We define the following hyperparameters for training:
- *__Number of Epochs__* - the number of times to iterate over the dataset (one epoch = one forward pass and one backward pass of all the training samples)

- *__Batch Size__* - the number of data samples propagated through the network before the parameters are updated

- *__Learning Rate__* - how much to update models parameters at each batch/epoch. Smaller values yield slow learning speed, while large values may result in unpredictable behavior during training.

#### *Batch size*
Batch size might be confusing if this is your first time hearing it. You can find a wonderful explanation [here](https://stats.stackexchange.com/questions/153531/what-is-batch-size-in-neural-network#:~:text=Advantages%20of%20using%20a%20batch%20size%20%3C%20number,we%20update%20the%20weights%20after%20each%20propagation.%20).

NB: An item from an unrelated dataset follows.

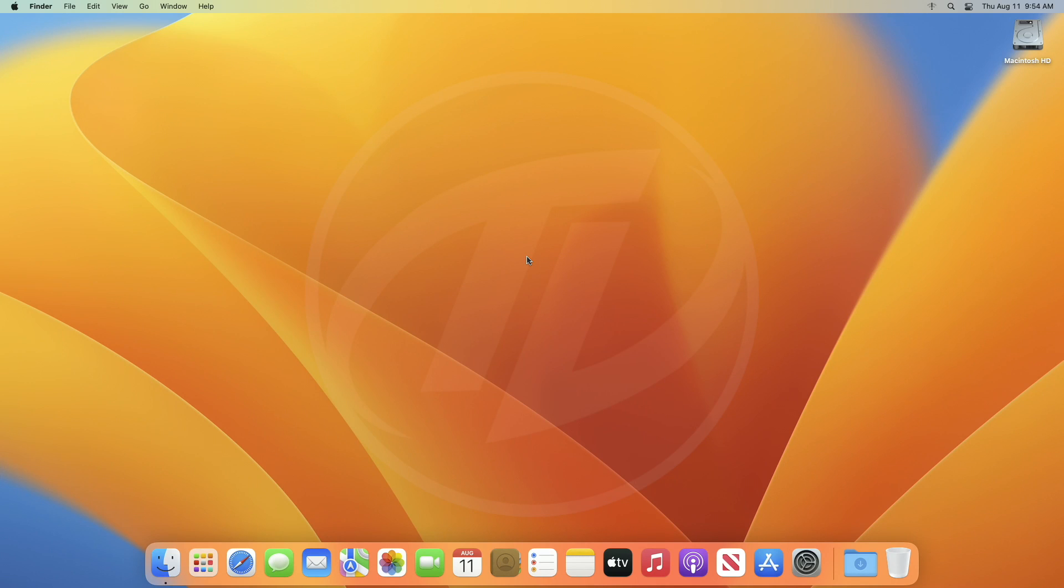Hey guys, welcome back to the channel, and today in this video I'm going to show how to disable Gatekeeper on Mac. If you're new to the channel, please make sure to subscribe. And now, let's begin.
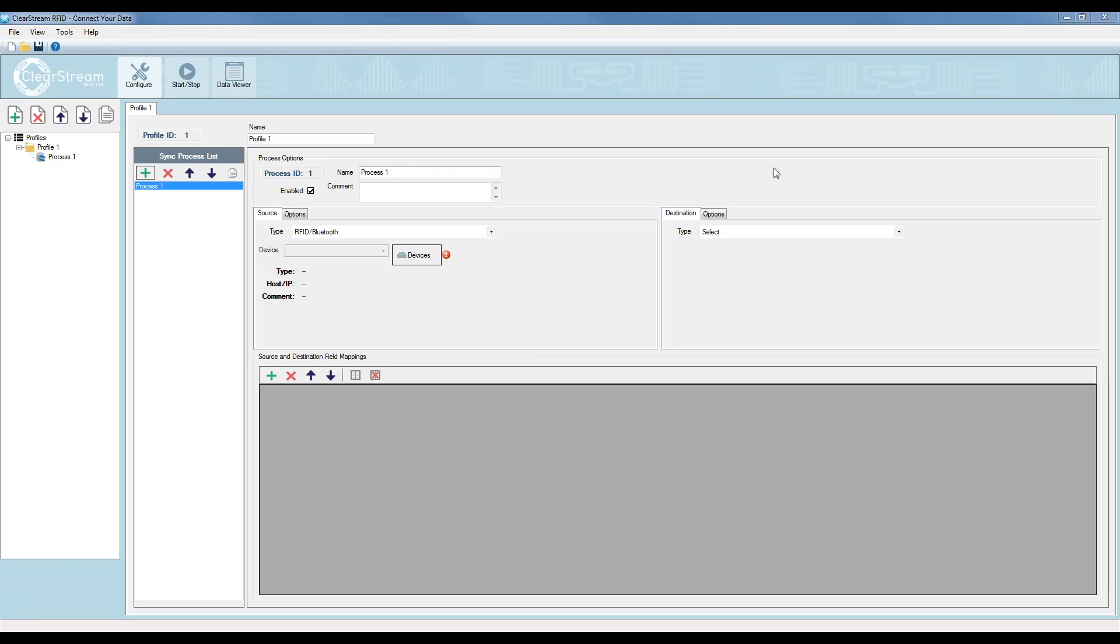Thanks for joining us. My name is Howie Heckman with PTS. Today I'm going to walk you through setting up a BlueCats BLE gateway with our Clearstream RFID software. I'll point the gateway to the Clearstream application and start streaming beacons, both iBeacons and Eddystone beacons to a back-end database. So with that, let's get started.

> Let's say you have 1050 training samples and you want to set up a batch_size equal to 100. The algorithm takes the first 100 samples (from 1st to 100th) from the training dataset and trains the network. Next, it takes the second 100 samples (from 101st to 200th) and trains the network again. We can keep doing this procedure until we have propagated all samples through of the network. Problem might happen with the last set of samples. In our example, we've used 1050 which is not divisible by 100 without remainder. The simplest solution is just to get the final 50 samples and train the network.
>
> Advantages of using a batch size < number of all samples:
> - It requires less memory. Since you train the network using fewer samples, the overall training procedure requires less memory. That's especially important if you are not able to fit the whole dataset in your machine's memory.
>
> - Typically networks train faster with mini-batches. That's because we update the weights after each propagation. In our example we've propagated 11 batches (10 of them had 100 samples and 1 had 50 samples) and after each of them we've updated our network's parameters. If we used all samples during propagation we would make only 1 update for the network's parameter.
>
> Disadvantages of using a batch size < number of all samples:
> - The smaller the batch the less accurate the estimate of the gradient will be.

#### *Annotated Code*
Please note that the code snippets below do not make use of batch size, instead it uses one single "batch" with all training data. Take a look [here](https://pytorch.org/tutorials/beginner/basics/optimization_tutorial.html) for an example with batch size. In this MP, you will write a training loop and a testing loop which operate data in batches.

![train-loop.png](attachment:train-loop.png)

![test-loop.png](attachment:test-loop.png)

## 5. Summary
![Summary.png](attachment:Summary.png)

Note that some of the modules are not covered and will not be used in this MP but may be useful to know.